Le Donjon n'accueille pas des corps : il accueille des présences. Lorsqu'une novice y pose le pied pour la première fois, ce qu'elle y dépose n'est ni son vêtement, ni son rang social, ni son histoire — c'est son attention entière. Et c'est cette attention, offerte en conscience, qui rend toute la scène possible.
Le seuil du consentement
Avant la première corde, avant le premier regard appuyé, il y a la conversation. Longue, précise, parfois technique. Rien ne doit rester dans l'ombre : limites dures, limites molles, signaux, mots de sécurité, et surtout — les raisons. Pourquoi cette novice vient-elle ? Qu'est-ce qui, en elle, demande ce passage ?
Un bon Maître n'oriente pas. Il écoute, il reformule, il fait préciser. Le consentement n'est pas un oui lancé en l'air ; c'est un acte de compréhension mutuelle qui peut, à tout moment, être repris.
Le rituel d'entrée
Une fois la conversation close, le rite commence. On entre au Donjon par une porte que l'on ne franchit qu'une fois nu·e de ses distractions. L'éclairage, l'odeur, la musique : tout doit dire que le monde extérieur reste dehors. La novice doit sentir, dans son corps, qu'elle entre dans un espace distinct.
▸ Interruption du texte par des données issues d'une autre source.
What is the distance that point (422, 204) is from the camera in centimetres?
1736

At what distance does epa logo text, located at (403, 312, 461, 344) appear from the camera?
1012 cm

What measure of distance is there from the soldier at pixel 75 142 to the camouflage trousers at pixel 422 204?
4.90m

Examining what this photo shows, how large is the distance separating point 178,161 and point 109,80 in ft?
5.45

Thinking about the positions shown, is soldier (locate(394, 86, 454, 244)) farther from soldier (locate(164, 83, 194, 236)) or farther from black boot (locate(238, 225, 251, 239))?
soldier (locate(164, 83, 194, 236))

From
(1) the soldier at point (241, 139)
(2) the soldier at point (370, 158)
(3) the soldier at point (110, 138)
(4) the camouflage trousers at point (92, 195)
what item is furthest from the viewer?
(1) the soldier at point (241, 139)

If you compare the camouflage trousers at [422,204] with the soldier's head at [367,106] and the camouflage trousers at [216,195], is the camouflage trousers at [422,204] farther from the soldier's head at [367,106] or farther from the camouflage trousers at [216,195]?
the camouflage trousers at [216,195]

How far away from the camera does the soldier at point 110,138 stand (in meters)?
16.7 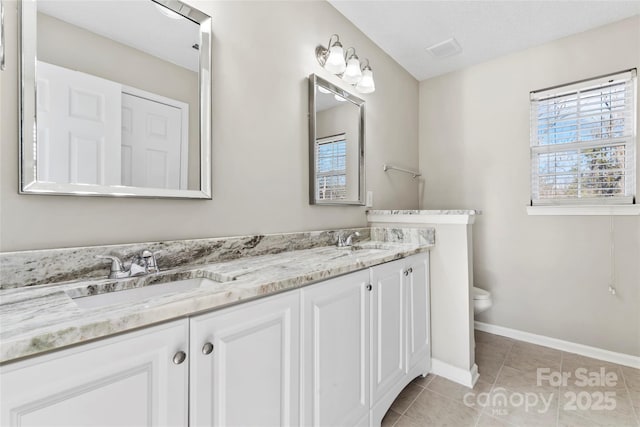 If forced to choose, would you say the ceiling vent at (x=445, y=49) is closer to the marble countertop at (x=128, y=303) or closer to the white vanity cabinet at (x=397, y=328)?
the white vanity cabinet at (x=397, y=328)


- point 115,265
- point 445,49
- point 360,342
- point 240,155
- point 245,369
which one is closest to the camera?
point 245,369

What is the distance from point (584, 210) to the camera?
2225mm

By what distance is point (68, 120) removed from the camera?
0.96 m

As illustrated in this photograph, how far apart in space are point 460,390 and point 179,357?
5.82 ft

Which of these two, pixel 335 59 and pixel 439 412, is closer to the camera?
pixel 439 412

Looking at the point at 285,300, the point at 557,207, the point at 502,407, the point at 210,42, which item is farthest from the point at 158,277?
the point at 557,207

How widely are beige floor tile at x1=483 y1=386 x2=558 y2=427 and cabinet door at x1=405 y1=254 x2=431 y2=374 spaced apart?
41 cm

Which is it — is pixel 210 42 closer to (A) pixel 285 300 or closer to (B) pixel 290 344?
(A) pixel 285 300

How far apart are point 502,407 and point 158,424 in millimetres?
1806

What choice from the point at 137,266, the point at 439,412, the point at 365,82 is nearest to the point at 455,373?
the point at 439,412

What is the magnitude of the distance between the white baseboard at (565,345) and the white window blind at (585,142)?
3.62 ft

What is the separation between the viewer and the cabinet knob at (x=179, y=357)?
724 mm

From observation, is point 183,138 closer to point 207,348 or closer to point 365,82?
point 207,348

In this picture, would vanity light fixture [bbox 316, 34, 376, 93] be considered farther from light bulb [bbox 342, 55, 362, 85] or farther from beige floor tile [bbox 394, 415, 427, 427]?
beige floor tile [bbox 394, 415, 427, 427] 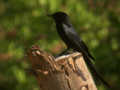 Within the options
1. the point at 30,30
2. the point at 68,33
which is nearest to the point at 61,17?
the point at 68,33

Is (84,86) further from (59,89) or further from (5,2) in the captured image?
(5,2)

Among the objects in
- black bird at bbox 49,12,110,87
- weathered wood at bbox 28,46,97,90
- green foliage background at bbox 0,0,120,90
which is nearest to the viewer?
weathered wood at bbox 28,46,97,90

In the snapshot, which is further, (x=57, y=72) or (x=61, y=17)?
(x=61, y=17)

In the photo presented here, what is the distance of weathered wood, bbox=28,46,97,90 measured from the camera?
109 inches

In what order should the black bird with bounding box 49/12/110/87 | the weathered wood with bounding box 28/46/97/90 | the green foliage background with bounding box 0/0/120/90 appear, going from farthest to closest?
the green foliage background with bounding box 0/0/120/90 < the black bird with bounding box 49/12/110/87 < the weathered wood with bounding box 28/46/97/90

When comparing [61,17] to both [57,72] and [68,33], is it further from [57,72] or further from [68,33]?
[57,72]

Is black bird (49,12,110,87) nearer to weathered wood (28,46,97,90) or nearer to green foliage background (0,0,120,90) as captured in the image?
green foliage background (0,0,120,90)

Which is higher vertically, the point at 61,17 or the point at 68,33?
the point at 61,17

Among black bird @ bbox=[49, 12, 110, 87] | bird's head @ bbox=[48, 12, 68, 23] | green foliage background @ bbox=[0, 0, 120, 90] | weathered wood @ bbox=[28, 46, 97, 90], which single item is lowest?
green foliage background @ bbox=[0, 0, 120, 90]

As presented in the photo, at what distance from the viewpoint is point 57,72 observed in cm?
278

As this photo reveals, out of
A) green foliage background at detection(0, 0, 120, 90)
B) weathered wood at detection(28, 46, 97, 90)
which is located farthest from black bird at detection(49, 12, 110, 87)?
weathered wood at detection(28, 46, 97, 90)

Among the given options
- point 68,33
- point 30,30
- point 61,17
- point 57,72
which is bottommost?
point 30,30

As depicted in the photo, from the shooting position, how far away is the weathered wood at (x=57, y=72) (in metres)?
2.78

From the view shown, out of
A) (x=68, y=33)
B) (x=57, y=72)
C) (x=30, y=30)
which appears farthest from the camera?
(x=30, y=30) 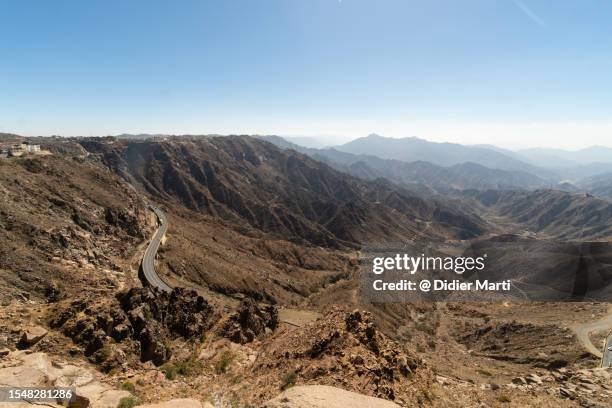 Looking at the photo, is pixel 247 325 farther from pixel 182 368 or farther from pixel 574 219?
pixel 574 219

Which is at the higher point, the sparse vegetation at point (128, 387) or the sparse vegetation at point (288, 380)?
the sparse vegetation at point (288, 380)

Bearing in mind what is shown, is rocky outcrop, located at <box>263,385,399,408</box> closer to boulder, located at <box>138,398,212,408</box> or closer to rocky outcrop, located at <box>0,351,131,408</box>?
boulder, located at <box>138,398,212,408</box>

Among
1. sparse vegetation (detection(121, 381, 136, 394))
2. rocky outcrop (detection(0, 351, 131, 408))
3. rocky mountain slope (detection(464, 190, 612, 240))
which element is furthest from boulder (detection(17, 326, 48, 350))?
rocky mountain slope (detection(464, 190, 612, 240))

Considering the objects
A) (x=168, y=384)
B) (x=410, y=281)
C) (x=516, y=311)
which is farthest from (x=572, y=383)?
(x=410, y=281)

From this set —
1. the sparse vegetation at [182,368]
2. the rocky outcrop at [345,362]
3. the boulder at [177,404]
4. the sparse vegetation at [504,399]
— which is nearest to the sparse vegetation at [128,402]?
the boulder at [177,404]

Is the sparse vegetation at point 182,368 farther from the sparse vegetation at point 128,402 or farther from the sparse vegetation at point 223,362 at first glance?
the sparse vegetation at point 128,402

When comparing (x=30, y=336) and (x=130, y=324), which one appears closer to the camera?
(x=30, y=336)

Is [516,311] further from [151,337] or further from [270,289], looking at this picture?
[151,337]

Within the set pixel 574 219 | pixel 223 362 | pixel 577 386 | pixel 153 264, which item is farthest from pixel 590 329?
pixel 574 219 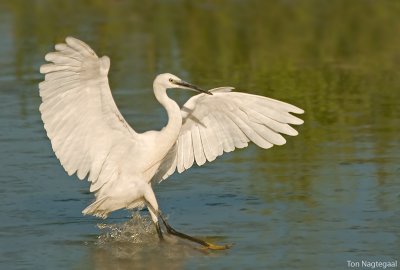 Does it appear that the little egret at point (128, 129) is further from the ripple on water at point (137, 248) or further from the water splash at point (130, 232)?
the water splash at point (130, 232)

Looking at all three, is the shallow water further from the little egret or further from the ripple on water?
the little egret

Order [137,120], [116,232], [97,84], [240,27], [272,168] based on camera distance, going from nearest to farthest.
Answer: [97,84], [116,232], [272,168], [137,120], [240,27]

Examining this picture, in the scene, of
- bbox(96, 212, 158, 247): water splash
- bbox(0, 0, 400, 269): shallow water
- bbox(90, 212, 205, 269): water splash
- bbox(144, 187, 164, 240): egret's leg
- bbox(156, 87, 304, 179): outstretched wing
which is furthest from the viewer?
bbox(156, 87, 304, 179): outstretched wing

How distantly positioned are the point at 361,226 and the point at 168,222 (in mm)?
1822

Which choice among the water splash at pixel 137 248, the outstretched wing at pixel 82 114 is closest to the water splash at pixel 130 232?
the water splash at pixel 137 248

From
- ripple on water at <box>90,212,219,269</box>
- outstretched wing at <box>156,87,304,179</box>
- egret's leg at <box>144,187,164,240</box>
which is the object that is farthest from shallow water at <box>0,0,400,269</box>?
outstretched wing at <box>156,87,304,179</box>

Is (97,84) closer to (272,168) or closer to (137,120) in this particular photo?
(272,168)

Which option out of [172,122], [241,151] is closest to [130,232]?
[172,122]

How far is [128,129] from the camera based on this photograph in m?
10.2

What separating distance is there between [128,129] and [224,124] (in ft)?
3.30

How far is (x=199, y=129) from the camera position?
10828 mm

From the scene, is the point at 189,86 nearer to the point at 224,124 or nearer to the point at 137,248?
the point at 224,124

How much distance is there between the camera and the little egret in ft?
32.5

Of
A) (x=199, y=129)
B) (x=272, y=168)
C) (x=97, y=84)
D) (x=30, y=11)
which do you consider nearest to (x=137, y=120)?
(x=272, y=168) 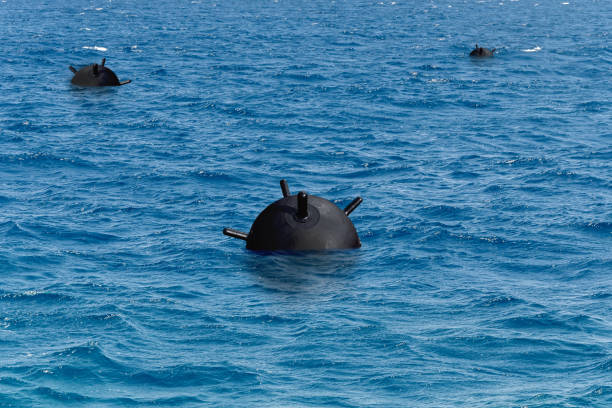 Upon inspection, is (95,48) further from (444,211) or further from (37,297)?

Ce passage n'a rien d'ésotérique : c'est une technique. Les neurosciences de l'état modifié savent combien la ritualisation prépare le système nerveux à lâcher prise. Le BDSM positif utilise ces leviers depuis toujours.
La première scène
Courte. Prévue pour rester en deçà de toutes les limites annoncées. Une première scène qui ne pousse nulle part, qui ne cherche aucun exploit, et qui a pour seul but de vérifier, en situation réelle, que la confiance tient.
C'est dans l'aftercare qui suit — ce temps de douceur, de couverture, de parole — que la novice découvre si elle veut revenir. Et c'est cela, le vrai critère : pas l'intensité, pas la durée, pas la performance. Le désir intact, au sortir.